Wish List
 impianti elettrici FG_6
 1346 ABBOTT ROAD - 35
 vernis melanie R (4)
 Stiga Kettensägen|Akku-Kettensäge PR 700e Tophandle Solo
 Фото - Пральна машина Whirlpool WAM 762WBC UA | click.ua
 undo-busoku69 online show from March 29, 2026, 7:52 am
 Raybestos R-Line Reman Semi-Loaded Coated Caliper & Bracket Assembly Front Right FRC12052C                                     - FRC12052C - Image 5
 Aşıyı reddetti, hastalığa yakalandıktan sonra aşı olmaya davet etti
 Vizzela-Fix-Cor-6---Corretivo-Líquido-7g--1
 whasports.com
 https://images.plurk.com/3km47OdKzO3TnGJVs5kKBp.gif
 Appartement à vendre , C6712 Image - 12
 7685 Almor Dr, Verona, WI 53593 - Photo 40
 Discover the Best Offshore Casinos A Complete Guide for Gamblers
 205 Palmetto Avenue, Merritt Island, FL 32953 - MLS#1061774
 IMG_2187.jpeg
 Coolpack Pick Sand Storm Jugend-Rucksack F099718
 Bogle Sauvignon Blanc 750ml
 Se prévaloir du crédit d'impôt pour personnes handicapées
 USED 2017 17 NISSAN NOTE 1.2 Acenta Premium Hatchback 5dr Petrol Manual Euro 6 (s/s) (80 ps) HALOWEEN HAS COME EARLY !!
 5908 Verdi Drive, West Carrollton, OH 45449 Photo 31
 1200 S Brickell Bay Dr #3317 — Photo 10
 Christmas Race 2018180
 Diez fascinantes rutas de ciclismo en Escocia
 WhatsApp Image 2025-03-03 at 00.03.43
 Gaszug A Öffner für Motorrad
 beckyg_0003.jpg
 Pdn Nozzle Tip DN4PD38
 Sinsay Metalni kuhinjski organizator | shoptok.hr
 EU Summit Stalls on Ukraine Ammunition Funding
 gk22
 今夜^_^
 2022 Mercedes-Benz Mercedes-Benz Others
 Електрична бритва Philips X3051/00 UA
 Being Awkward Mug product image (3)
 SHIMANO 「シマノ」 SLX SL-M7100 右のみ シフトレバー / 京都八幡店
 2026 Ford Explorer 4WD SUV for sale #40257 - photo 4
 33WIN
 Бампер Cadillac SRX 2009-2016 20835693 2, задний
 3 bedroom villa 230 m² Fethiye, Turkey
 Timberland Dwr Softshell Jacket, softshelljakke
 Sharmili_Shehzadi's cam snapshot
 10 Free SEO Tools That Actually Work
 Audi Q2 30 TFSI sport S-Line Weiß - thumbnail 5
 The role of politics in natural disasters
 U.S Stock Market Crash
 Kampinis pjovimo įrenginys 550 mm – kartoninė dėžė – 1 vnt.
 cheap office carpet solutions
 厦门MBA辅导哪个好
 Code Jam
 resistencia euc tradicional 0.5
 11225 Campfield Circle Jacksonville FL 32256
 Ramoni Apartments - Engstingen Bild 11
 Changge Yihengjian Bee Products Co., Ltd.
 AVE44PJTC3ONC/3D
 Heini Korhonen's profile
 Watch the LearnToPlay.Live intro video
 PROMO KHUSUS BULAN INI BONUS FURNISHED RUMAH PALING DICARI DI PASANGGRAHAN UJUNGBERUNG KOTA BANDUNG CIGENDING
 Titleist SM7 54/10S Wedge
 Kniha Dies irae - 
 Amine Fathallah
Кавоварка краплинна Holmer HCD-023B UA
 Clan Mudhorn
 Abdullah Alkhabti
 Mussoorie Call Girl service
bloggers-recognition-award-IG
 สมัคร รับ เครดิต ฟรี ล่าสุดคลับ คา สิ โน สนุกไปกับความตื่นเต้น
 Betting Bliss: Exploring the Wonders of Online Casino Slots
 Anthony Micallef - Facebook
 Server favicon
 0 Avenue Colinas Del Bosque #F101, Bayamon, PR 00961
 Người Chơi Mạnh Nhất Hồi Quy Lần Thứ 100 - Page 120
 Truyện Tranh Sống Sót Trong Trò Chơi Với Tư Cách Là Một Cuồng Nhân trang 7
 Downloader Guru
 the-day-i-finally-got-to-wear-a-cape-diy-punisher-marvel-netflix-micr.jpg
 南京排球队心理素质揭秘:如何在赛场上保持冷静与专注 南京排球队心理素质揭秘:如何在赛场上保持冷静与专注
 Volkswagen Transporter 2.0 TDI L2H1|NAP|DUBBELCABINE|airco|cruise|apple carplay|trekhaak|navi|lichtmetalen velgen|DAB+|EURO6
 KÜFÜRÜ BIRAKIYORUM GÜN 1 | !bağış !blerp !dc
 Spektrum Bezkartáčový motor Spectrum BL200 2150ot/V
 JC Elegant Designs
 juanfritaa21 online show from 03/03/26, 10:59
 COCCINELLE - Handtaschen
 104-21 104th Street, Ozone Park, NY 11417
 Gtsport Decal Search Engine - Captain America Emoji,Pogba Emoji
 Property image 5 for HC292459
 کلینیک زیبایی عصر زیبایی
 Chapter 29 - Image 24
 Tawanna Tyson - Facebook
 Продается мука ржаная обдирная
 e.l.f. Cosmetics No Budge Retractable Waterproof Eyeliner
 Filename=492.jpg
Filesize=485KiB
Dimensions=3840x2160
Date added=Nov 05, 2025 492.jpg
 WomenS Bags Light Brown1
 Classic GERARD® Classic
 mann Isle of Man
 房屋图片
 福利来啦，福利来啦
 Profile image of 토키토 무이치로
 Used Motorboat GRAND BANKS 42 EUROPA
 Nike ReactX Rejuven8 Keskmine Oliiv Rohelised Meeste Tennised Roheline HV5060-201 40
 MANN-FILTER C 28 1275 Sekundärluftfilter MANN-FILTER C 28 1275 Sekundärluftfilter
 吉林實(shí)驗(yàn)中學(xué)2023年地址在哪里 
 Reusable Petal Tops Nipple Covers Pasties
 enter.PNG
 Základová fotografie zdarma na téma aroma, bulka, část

TASK:
Each and every record above needs writing out exactly.

RESPONSE TO THIS EXERCISE:
Wish List
 impianti elettrici FG_6
 1346 ABBOTT ROAD - 35
 vernis melanie R (4)
 Stiga Kettensägen|Akku-Kettensäge PR 700e Tophandle Solo
 Фото - Пральна машина Whirlpool WAM 762WBC UA | click.ua
 undo-busoku69 online show from March 29, 2026, 7:52 am
 Raybestos R-Line Reman Semi-Loaded Coated Caliper & Bracket Assembly Front Right FRC12052C                                     - FRC12052C - Image 5
 Aşıyı reddetti, hastalığa yakalandıktan sonra aşı olmaya davet etti
 Vizzela-Fix-Cor-6---Corretivo-Líquido-7g--1
 whasports.com
 https://images.plurk.com/3km47OdKzO3TnGJVs5kKBp.gif
 Appartement à vendre , C6712 Image - 12
 7685 Almor Dr, Verona, WI 53593 - Photo 40
 Discover the Best Offshore Casinos A Complete Guide for Gamblers
 205 Palmetto Avenue, Merritt Island, FL 32953 - MLS#1061774
 IMG_2187.jpeg
 Coolpack Pick Sand Storm Jugend-Rucksack F099718
 Bogle Sauvignon Blanc 750ml
 Se prévaloir du crédit d'impôt pour personnes handicapées
 USED 2017 17 NISSAN NOTE 1.2 Acenta Premium Hatchback 5dr Petrol Manual Euro 6 (s/s) (80 ps) HALOWEEN HAS COME EARLY !!
 5908 Verdi Drive, West Carrollton, OH 45449 Photo 31
 1200 S Brickell Bay Dr #3317 — Photo 10
 Christmas Race 2018180
 Diez fascinantes rutas de ciclismo en Escocia
 WhatsApp Image 2025-03-03 at 00.03.43
 Gaszug A Öffner für Motorrad
 beckyg_0003.jpg
 Pdn Nozzle Tip DN4PD38
 Sinsay Metalni kuhinjski organizator | shoptok.hr
 EU Summit Stalls on Ukraine Ammunition Funding
 gk22
 今夜^_^
 2022 Mercedes-Benz Mercedes-Benz Others
 Електрична бритва Philips X3051/00 UA
 Being Awkward Mug product image (3)
 SHIMANO 「シマノ」 SLX SL-M7100 右のみ シフトレバー / 京都八幡店
 2026 Ford Explorer 4WD SUV for sale #40257 - photo 4
 33WIN
 Бампер Cadillac SRX 2009-2016 20835693 2, задний
 3 bedroom villa 230 m² Fethiye, Turkey
 Timberland Dwr Softshell Jacket, softshelljakke
 Sharmili_Shehzadi's cam snapshot
 10 Free SEO Tools That Actually Work
 Audi Q2 30 TFSI sport S-Line Weiß - thumbnail 5
 The role of politics in natural disasters
 U.S Stock Market Crash
 Kampinis pjovimo įrenginys 550 mm – kartoninė dėžė – 1 vnt.
 cheap office carpet solutions
 厦门MBA辅导哪个好
 Code Jam
 resistencia euc tradicional 0.5
 11225 Campfield Circle Jacksonville FL 32256
 Ramoni Apartments - Engstingen Bild 11
 Changge Yihengjian Bee Products Co., Ltd.
 AVE44PJTC3ONC/3D
 Heini Korhonen's profile
 Watch the LearnToPlay.Live intro video
 PROMO KHUSUS BULAN INI BONUS FURNISHED RUMAH PALING DICARI DI PASANGGRAHAN UJUNGBERUNG KOTA BANDUNG CIGENDING
 Titleist SM7 54/10S Wedge
 Kniha Dies irae - 
 Amine Fathallah
Кавоварка краплинна Holmer HCD-023B UA
 Clan Mudhorn
 Abdullah Alkhabti
 Mussoorie Call Girl service
bloggers-recognition-award-IG
 สมัคร รับ เครดิต ฟรี ล่าสุดคลับ คา สิ โน สนุกไปกับความตื่นเต้น
 Betting Bliss: Exploring the Wonders of Online Casino Slots
 Anthony Micallef - Facebook
 Server favicon
 0 Avenue Colinas Del Bosque #F101, Bayamon, PR 00961
 Người Chơi Mạnh Nhất Hồi Quy Lần Thứ 100 - Page 120
 Truyện Tranh Sống Sót Trong Trò Chơi Với Tư Cách Là Một Cuồng Nhân trang 7
 Downloader Guru
 the-day-i-finally-got-to-wear-a-cape-diy-punisher-marvel-netflix-micr.jpg
 南京排球队心理素质揭秘:如何在赛场上保持冷静与专注 南京排球队心理素质揭秘:如何在赛场上保持冷静与专注
 Volkswagen Transporter 2.0 TDI L2H1|NAP|DUBBELCABINE|airco|cruise|apple carplay|trekhaak|navi|lichtmetalen velgen|DAB+|EURO6
 KÜFÜRÜ BIRAKIYORUM GÜN 1 | !bağış !blerp !dc
 Spektrum Bezkartáčový motor Spectrum BL200 2150ot/V
 JC Elegant Designs
 juanfritaa21 online show from 03/03/26, 10:59
 COCCINELLE - Handtaschen
 104-21 104th Street, Ozone Park, NY 11417
 Gtsport Decal Search Engine - Captain America Emoji,Pogba Emoji
 Property image 5 for HC292459
 کلینیک زیبایی عصر زیبایی
 Chapter 29 - Image 24
 Tawanna Tyson - Facebook
 Продается мука ржаная обдирная
 e.l.f. Cosmetics No Budge Retractable Waterproof Eyeliner
 Filename=492.jpg
Filesize=485KiB
Dimensions=3840x2160
Date added=Nov 05, 2025 492.jpg
 WomenS Bags Light Brown1
 Classic GERARD® Classic
 mann Isle of Man
 房屋图片
 福利来啦，福利来啦
 Profile image of 토키토 무이치로
 Used Motorboat GRAND BANKS 42 EUROPA
 Nike ReactX Rejuven8 Keskmine Oliiv Rohelised Meeste Tennised Roheline HV5060-201 40
 MANN-FILTER C 28 1275 Sekundärluftfilter MANN-FILTER C 28 1275 Sekundärluftfilter
 吉林實(shí)驗(yàn)中學(xué)2023年地址在哪里 
 Reusable Petal Tops Nipple Covers Pasties
 enter.PNG
 Základová fotografie zdarma na téma aroma, bulka, část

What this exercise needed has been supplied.